# Sturdy Click Syndicate Team do you want feedback on Shuji Rom?



## Justifi (Aug 6, 2011)

First of all I am brand spanking new to flashing roms and I really like yours. I understand that this is a work in progress.

Are you guys open to request? Sensei started the thread that introduced Shuji and people have certainly been giving feedback. I don't know if you keep up with thread or not. Sensei did respond a few times on that thread.

I thought, I would start a wish list thread. You might already have some of these on your to do list. I'm wishing and hoping for sooner than later.

1) Please stabilize bluetooth. It's better than Apex in this respect. For no apparent reasons the bluetooth will go off, yet it says it's still connected. When this happens, the bluetooth button becomes grayed out.

2) The music app won't shut off the music once activated.

3) The google map issues which people have been discussing on the original Shuji thread.

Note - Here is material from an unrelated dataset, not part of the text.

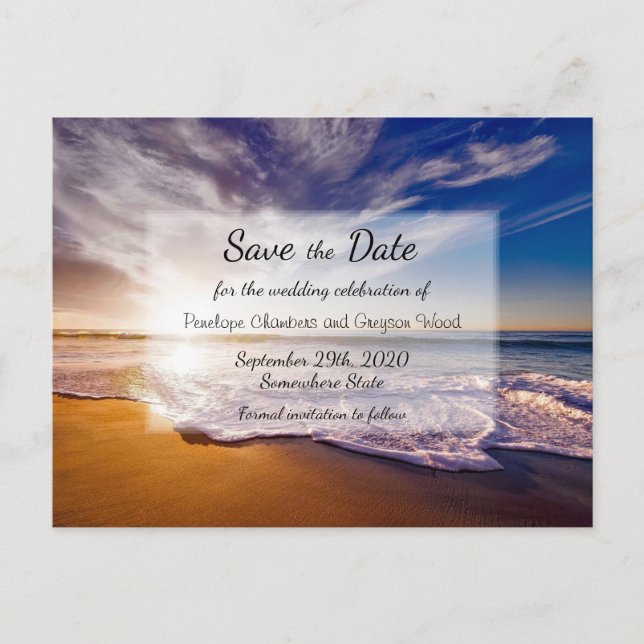 Tropical Sunset Beach Wedding Save the Date Announcement Postcard (Front)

Thanks! I'm really rooting for this rom!


----------



## razorloves (Jun 7, 2011)

thread moved. please only post dev work in the droid x development subforum. thank you.


----------



## salem (Jun 16, 2011)

Can't speak of the first two, as I don't use bluetooth and use PowerAmp for music. However, the google map issue is nothing. Just accept the permissions. Works fine afterwards... I haven't had problems. 
Overall, this is a great rom. I have no intention of going back to cm7 or miui.


----------



## Returner (Jun 7, 2011)

If we could see AOSP lockscreen on this I would be a very happy man


----------



## cubsfan187 (Jul 17, 2011)

If the custom ringtones worked I would have stayed on this longer. That was another little bug that a few people had and there was no fix. It seemed like it was hit or miss on them working. Otherwise, it was a great running rom!


----------



## xrevx (Jul 16, 2011)

"cubsfan187 said:


> If the custom ringtones worked I would have stayed on this longer. That was another little bug that a few people had and there was no fix. It seemed like it was hit or miss on them working. Otherwise, it was a great running rom!


Didn't know about the ringtones. Ill see what I can do about that.


----------



## Total.telecom (Aug 27, 2011)

I just flashed 2.5 about a week ago. The ROM performed better after a few days and seemed to get faster. I liked that!

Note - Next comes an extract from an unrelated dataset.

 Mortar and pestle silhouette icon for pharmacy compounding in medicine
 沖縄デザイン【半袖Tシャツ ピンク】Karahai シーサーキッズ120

1. Im having Bluetooth problems when turning the volume up in a call and then i have to reboot to get the Bluetooth to connect. When i turn the Bluetooth volume up on the phone the call ends and Bluetooth no longer works.

2. When taking a picture i cant click on the picture in the corner of the screen and go to gallery, it says gallery not installed

3. when in pictures and want to share one i cant scroll through the sharable applications, which stinks because i want to send them via text most often.


----------